Silas’s parents disappear after a while, mysteriously, but not mysteriously enough for anyone to take much notice, not in a small rough village, not for the marginal Kimballs. Silas, just twelve years old and thoroughly uncivilized, asks Benjamin Briggs for work at a time when Briggs desperately needs help on the farm. His wife is dead and his daughter May, only ten, runs the household for him. She teaches Silas how to tend to the chickens and milk the cows and “how to speak so people could understand him and stop thinking of him as half-boy, half-animal. She did this for her father, that he might have one less thing to trouble over.”

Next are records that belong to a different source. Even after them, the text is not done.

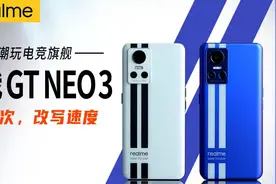 首发150W光速秒充！realme 真我 GT Neo3体验评测视频封面
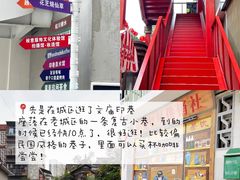 -老鼎万春卤菜(五代传承创始老店)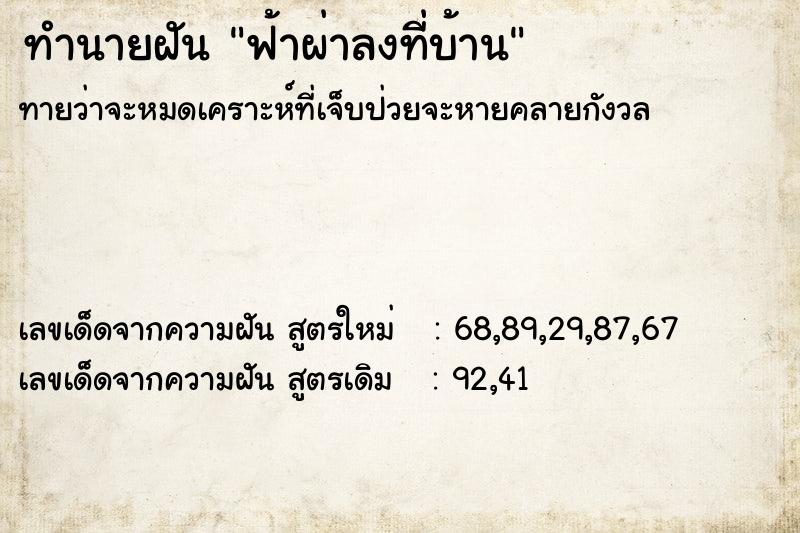 ทำนายฝัน ฟ้าผ่าลงที่บ้าน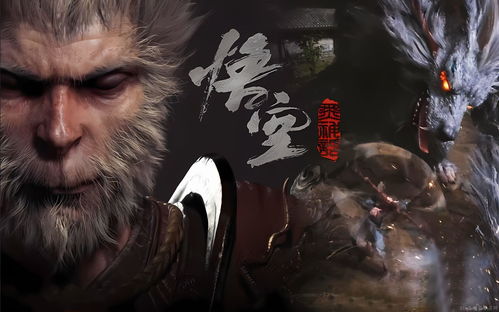 黑神话,悟空墨翠雕刻,天命人细节绝了！你瞧过没?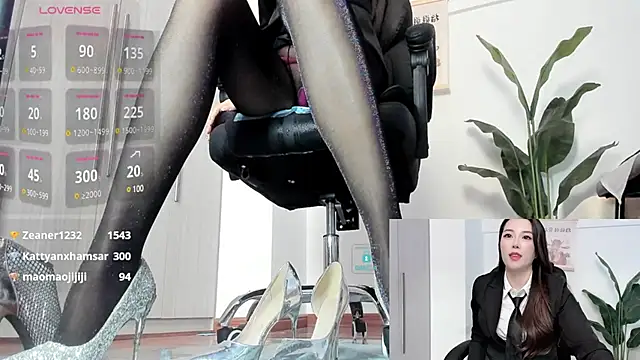 Snapshot of Oo_Kaixin_oO chatting on 02/06/25, 08:50 Oo Kaixin oO online show from 02/06/25, 08:50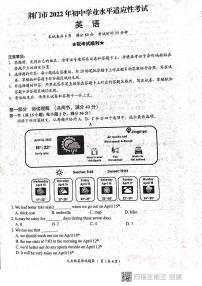 湖北省荆门市2022年初中学业水平适应性考试英语试卷（有答案）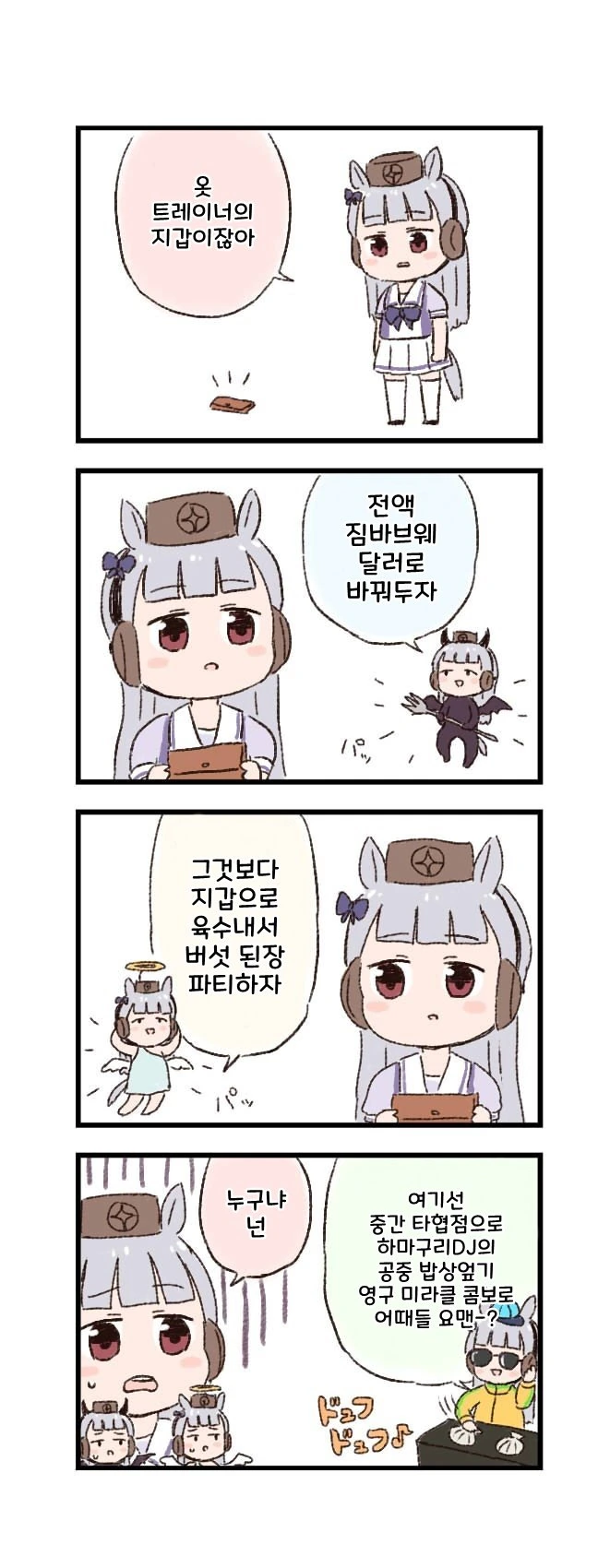 말딸)バッタ] 고루시 4컷 만화 - 이미지 2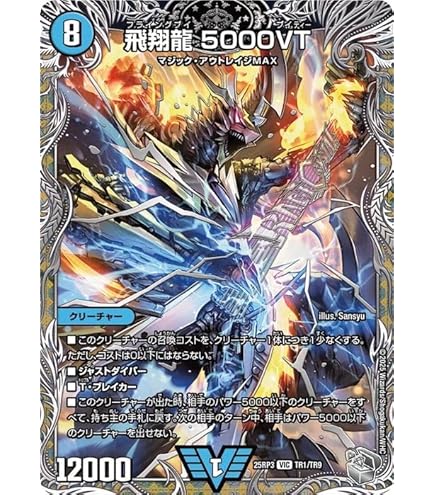 Amazon.co.jp: デュエルマスターズ アーテル・ゴルギーニ(デュエキング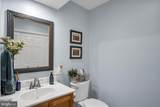 6302 Darlington Drive - Photo 21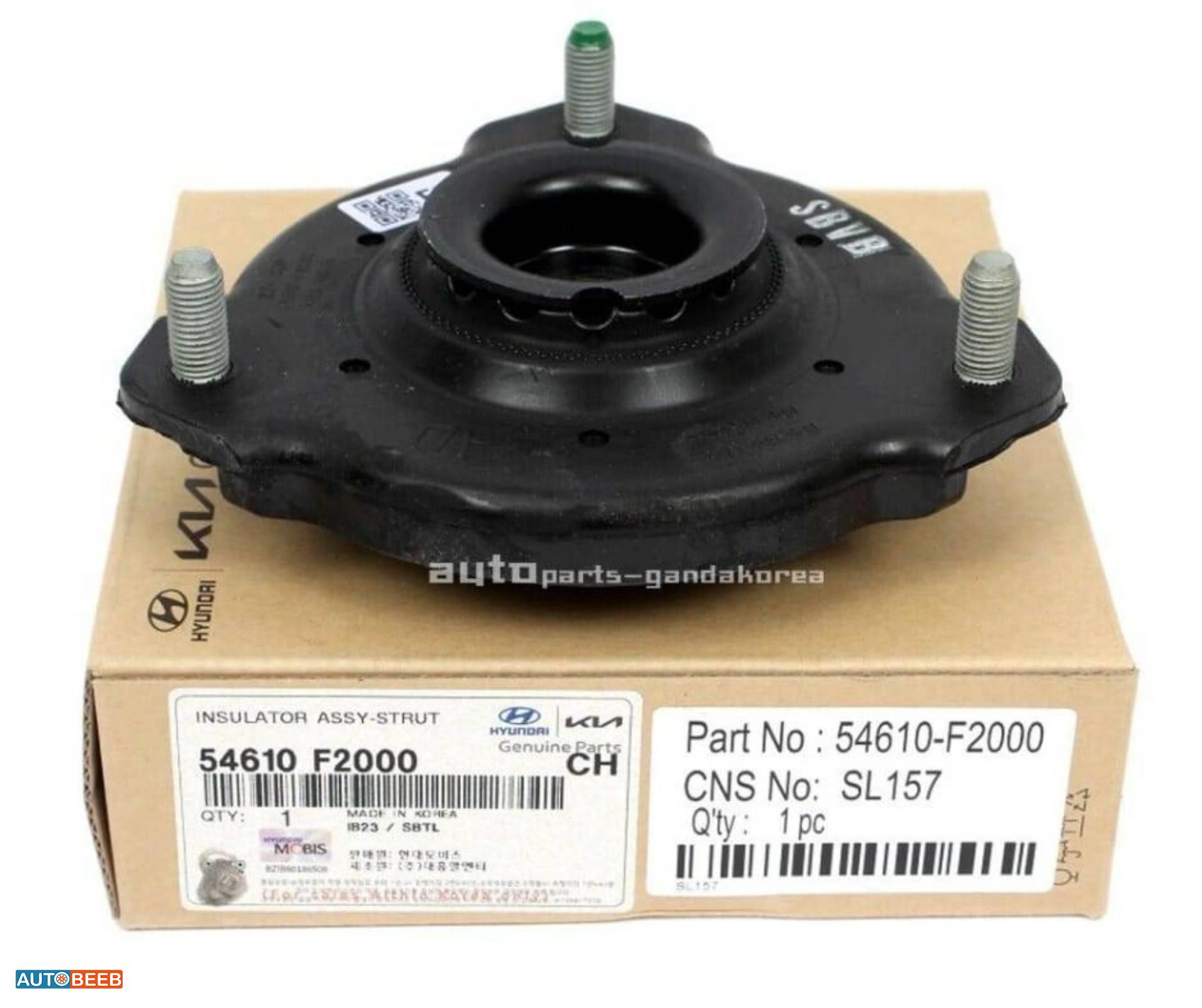 قاعده صنوبرص امامي هيونداي النترا و كيا سيراتو 2017 2018 2019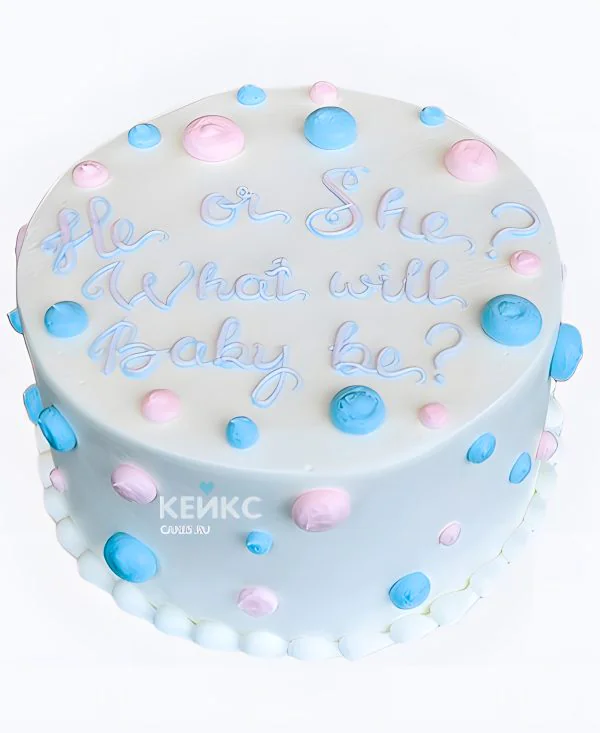 Гендер-торт из крема с надписью Фото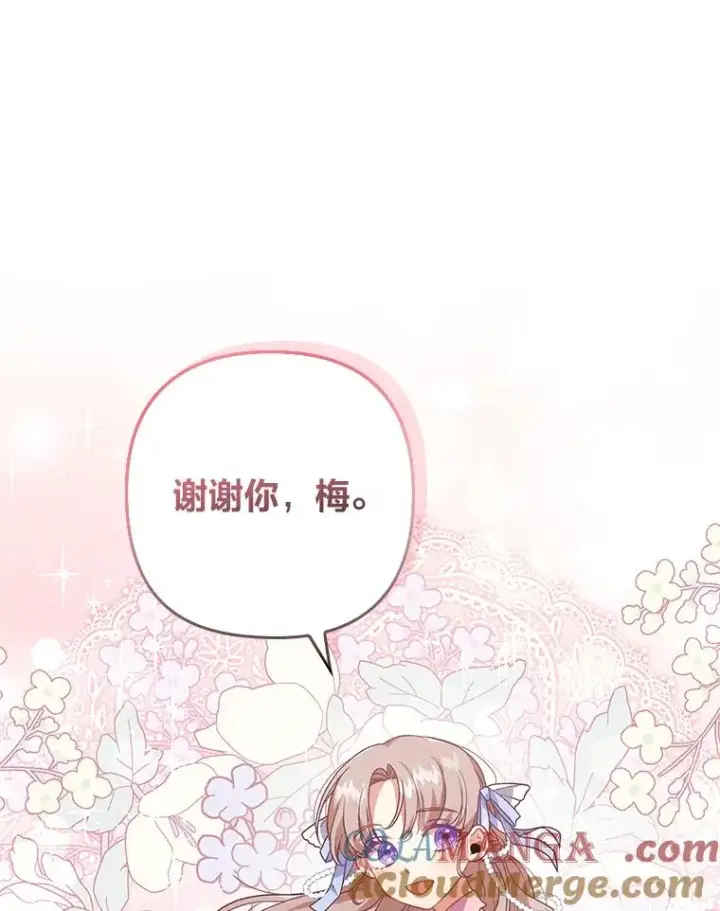 漫画《勾引了病弱男主》4.红着耳朵的你第37张图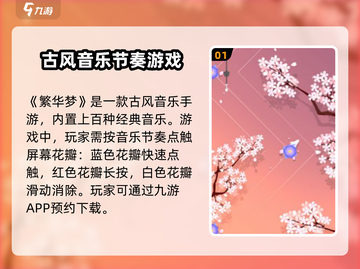 繁华梦🔗公测开启！🔥抢先进入游戏🚀截图2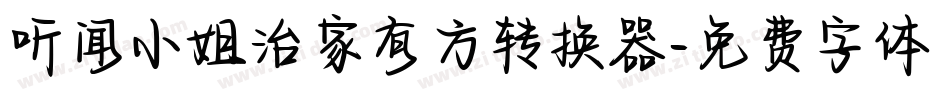 听闻小姐治家有方转换器字体转换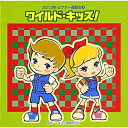 CD / 教材 / ワイルド・キッズ! 全曲振り付き (解説付) / VZCH-100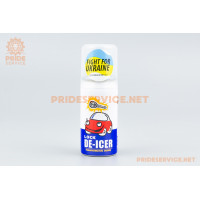 Засіб для розморожування замків, аерозоль 50ml XB40031
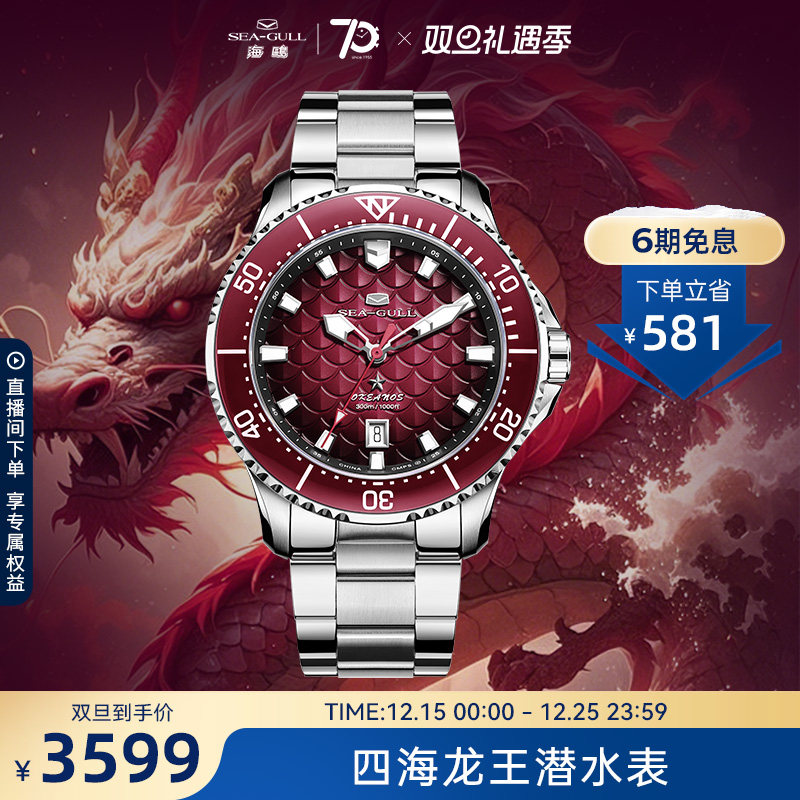海鸥表手表男士海洋系列pro系列四海龙王男款潜水表机械表1216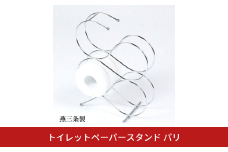トイレットペーパースタンド パリ 収納 ラック おしゃれ スリム [キープロダクション] 【010S507】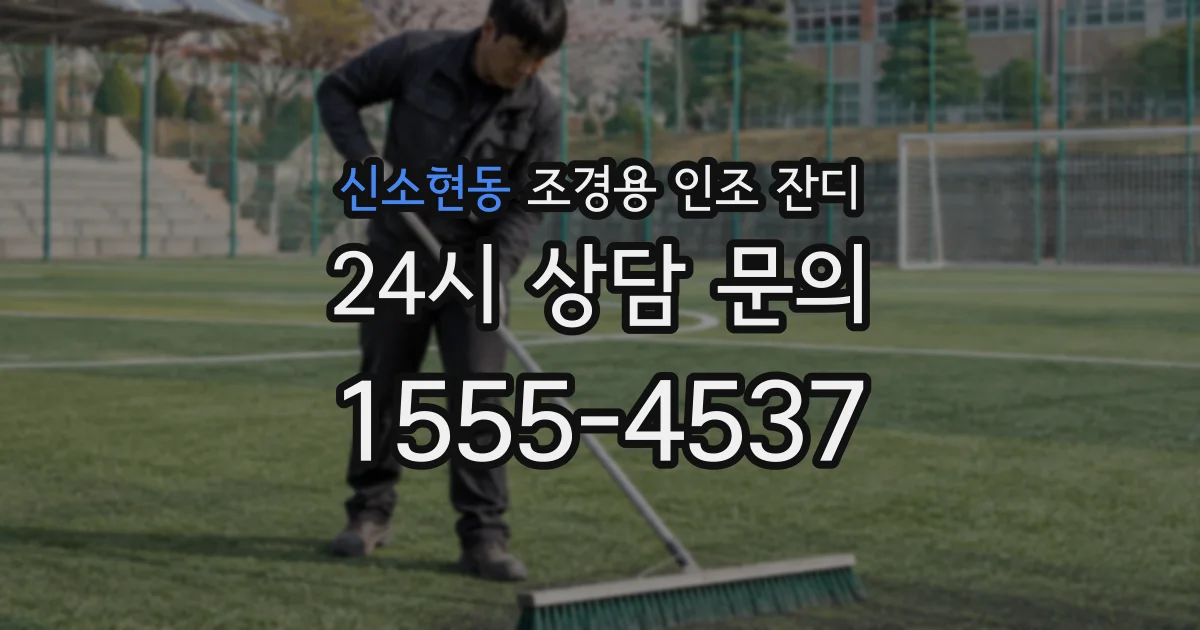 신소현동 조경용 인조 잔디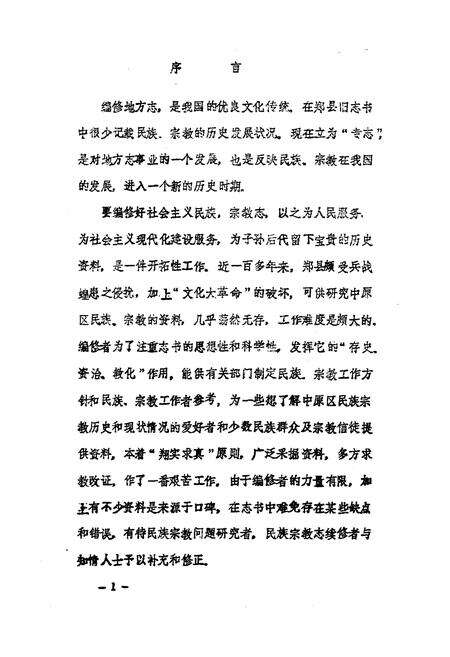 《郑州市中原区民族宗教志》.pdf电子版_河南省志预览图5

But by the time May is thirteen, her father is troubled, indeed, for she finds herself pregnant and forced to marry Silas, breaking her father’s heart. Soon after, Briggs is beyond even broken hearts: he is killed in an unlikely and highly suspect accident, a beam somehow falling in his new, sturdy barn. Silas is now the man of the house, a role he fills with drunken rage and violence that Urquhart describes with an almost eerie echo of the ecstatic Shakers:

[Polly] feels his weight in her dreams. So many nights, his acrid stink has covered her—blocking out her senses, taking her from the world she can see and hear and feel. His flesh is cold, his black hair prickly; he is sure and quiet. She does not scream or fight. As he pins her arms over her head with one hand, she looks beyond him…throngs of angels misting round her like whirling clouds. They spin. They call out. How they dance across the night sky. Though his thighs bear down on her, she will not be restrained. She cannot breathe or move, and yet, as she takes leave of the angels and travels miles and miles from the heavens, she imagines she is running through a field of wildflowers, her arms spread wide and her face turned to the sun. She is vanishing beneath him, dividing into twin spirits that join hands as they fly away.
This is what nighttime feels like: an odd cleaving of body and soul as she goes where he cannot follow.

Silas becomes more and more cruel, obsessed with the legacy of the farm, which Briggs seems to have left to May, not to his son-in-law. At one point, jealous of him as a contender for the inheritance, Silas even tries to drown his newborn son, Benjamin, in a bucket, as if he were an unwanted kitten. Ben is never quite right in the head after that, but he is a sweet and gentle boy, and Polly loves him, as she does her mother. Polly’s biological family is an enormous presence for her, not only in the form of the hideous Silas, but also her fragile mother and brother. There is little she can do to protect them from her brutish father, and finally, on a night when Silas threatens to kill them all before passing out in a drunken stupor, Polly realizes the only answer is to run away, to escape.